9. Notice. All notices, requests, demands, and all other communications
required or permitted by either party to the other party by this Agreement
(including, without limitation, any notice of termination of employment and any
notice of an intention to arbitrate) shall be in writing and shall be deemed to
have been duly given when delivered personally or received by certified or
registered mail, return receipt requested, postage prepaid, at the address of
the other party, as first written above (directed to the attention of the Board
of Directors and Corporate Secretary in the case of the Corporation ). Either
party hereto may change its address for purposes of this Section 9 by giving 15
days' prior notice to the other party hereto.
10. Severability. If any term or provision of this Agreement or the
application hereof to any person or circumstances shall to any extent be invalid
or unenforceable, the remainder of this Agreement or the application of such
term or provision to persons or circumstances other than those as to which it is
held invalid or unenforceable shall not be affected thereby, and each term and
provision of this Agreement shall be valid and enforceable to the fullest extent
permitted by law.
11. Counterparts. This Agreement may be executed in several
counterparts, each of which shall be deemed an original, but all of which
together shall constitute one and the same instrument.
12. Governing Law. This Agreement has been executed and delivered in
the State of Minnesota and shall, in all respects, be governed by, and construed
and enforced in accordance with, the laws of the State of Minnesota, including
all matters of construction, validity and performance.

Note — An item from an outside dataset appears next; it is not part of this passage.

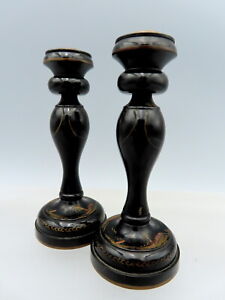 Antique Ebony Candlesticks Hand Painted Egyptian Revival Wood Turned Wooden Pair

13. Effect of Agreement; Entire Agreement. The Corporation and Employee
understand and agree that this Agreement is intended to reflect their agreement
only with respect to payments and benefits upon termination in certain cases and
is not intended to create any obligation on the part of either party to continue
employment. This Agreement supersedes any and all other oral or written
agreements or policies made relating to the subject matter hereof and
constitutes the entire agreement of the parties relating to the subject matter
hereof; provided that this Agreement shall not supersede or limit in any way
Employee's rights under any benefit plan, program or arrangements in accordance
with their terms.
14. ERISA. For purposes of the Employee Retirement Income Security Act
of 1974, this Agreement is intended to be a severance pay employee welfare
benefit plan, and not an employee pension benefit plan, and shall be construed
and administered with that intention.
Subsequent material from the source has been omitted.